Final considerations: {#Final-considerations:}

  • Python is case-sensitive upper- and lower-case letters are different. Name != name are different variables.

  • Use meaningful variable names

flabadab = 42
ewr_422_yY = 'Ahmed'
print(ewr_422_yY, 'is', flabadab, 'years old')

In [15]:

hola = 1

HOLA= 2
print(hola, HOLA)

1 2

Excercises {#Excercises}

  • What is the final value of position in the program below? (Try to predict the value without running the program, then check your prediction.)
initial = 'left'
position = initial
initial = 'right'

In [18]:

initial = 'left'
position = initial
initial = 'right'
print(initial, position)

right left
  • If you assign a = 123, what happens if you try to get the second digit of a via a[1]?

In [19]:

a = 123
a[1]

----------------------------------------------------------------------
TypeError                            Traceback (most recent call last)
<ipython-input-19-d77b277d0f9d> in <module>()
      1 a = 123
----> 2 a[1]

TypeError: 'int' object is not subscriptable
  • What does the following program print?
atom_name = 'carbon'
print('atom_name[1:3] is:', atom_name[1:3])

In [20]:

atom_name = 'carbon'
print('atom_name[1:3] is:', atom_name[1:3])

atom_name[1:3] is: ar

1.What does thing[low:high] do?

2.What does thing[low:] (without a value after the colon) do?

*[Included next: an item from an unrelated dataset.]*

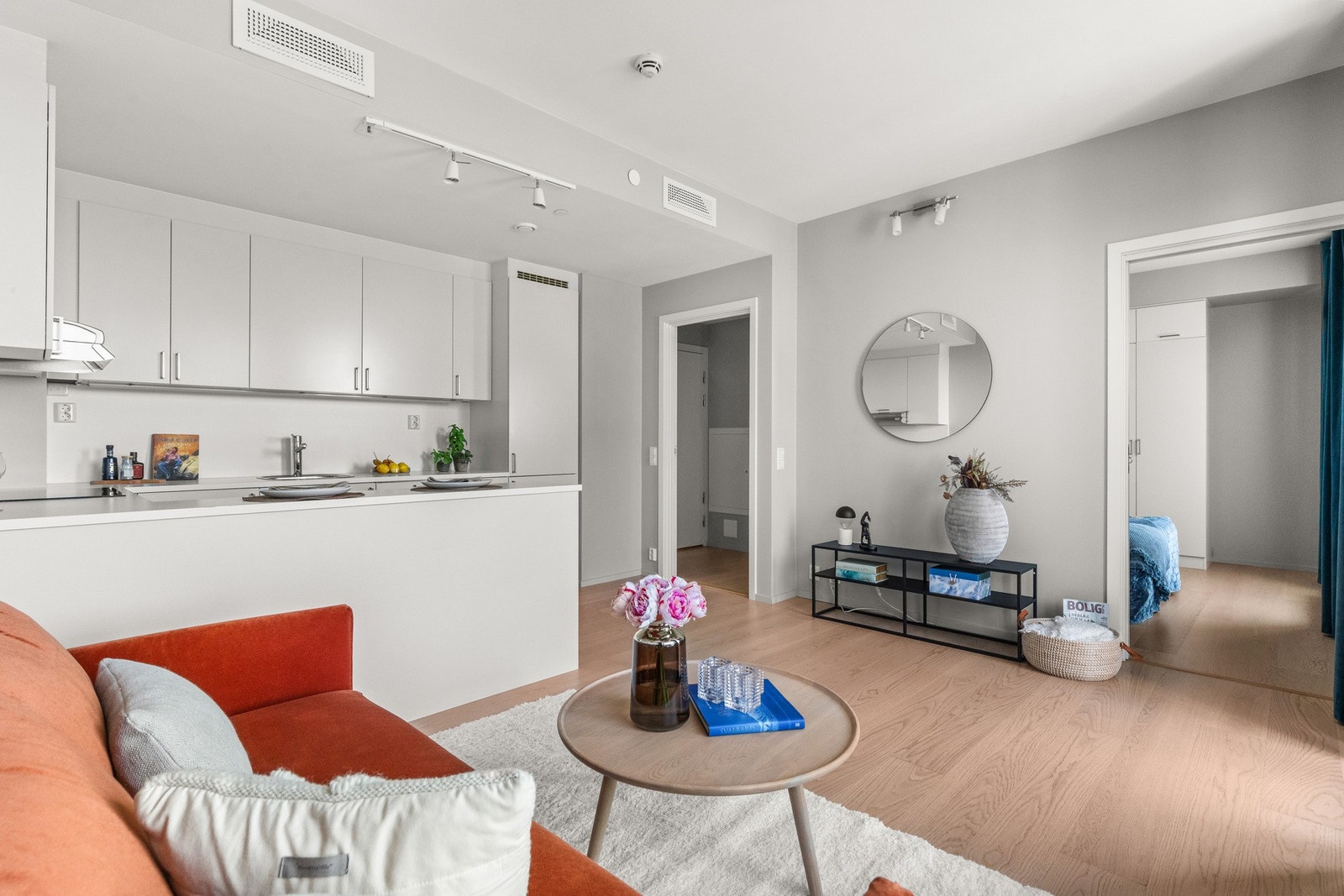 Leiligheten er innredet i nøytrale farger, som gir rom for å leke seg med farger på møbler og annet inventar. Galleribilde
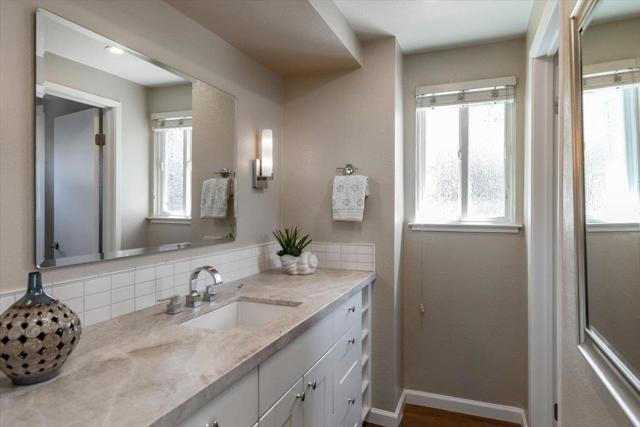 2952 Carrington Court, San Jose CA: https://media.crmls.org/mediaz/040ab12b-dec4-47df-91e9-7aeb700919ce.jpg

3.What does thing[:high] (without a value before the colon) do?

4.What does thing[:] (just a colon) do?

5.What does thing[number:some-negative-number] do?

6.What happens when you choose a high value which is out of range? (i.e., try atom_name[0:15])

KEY POINTS - Variable and Assignment {#KEY-POINTS---Variable-and-Assignment}

Use variables to store values.

Use print to display values.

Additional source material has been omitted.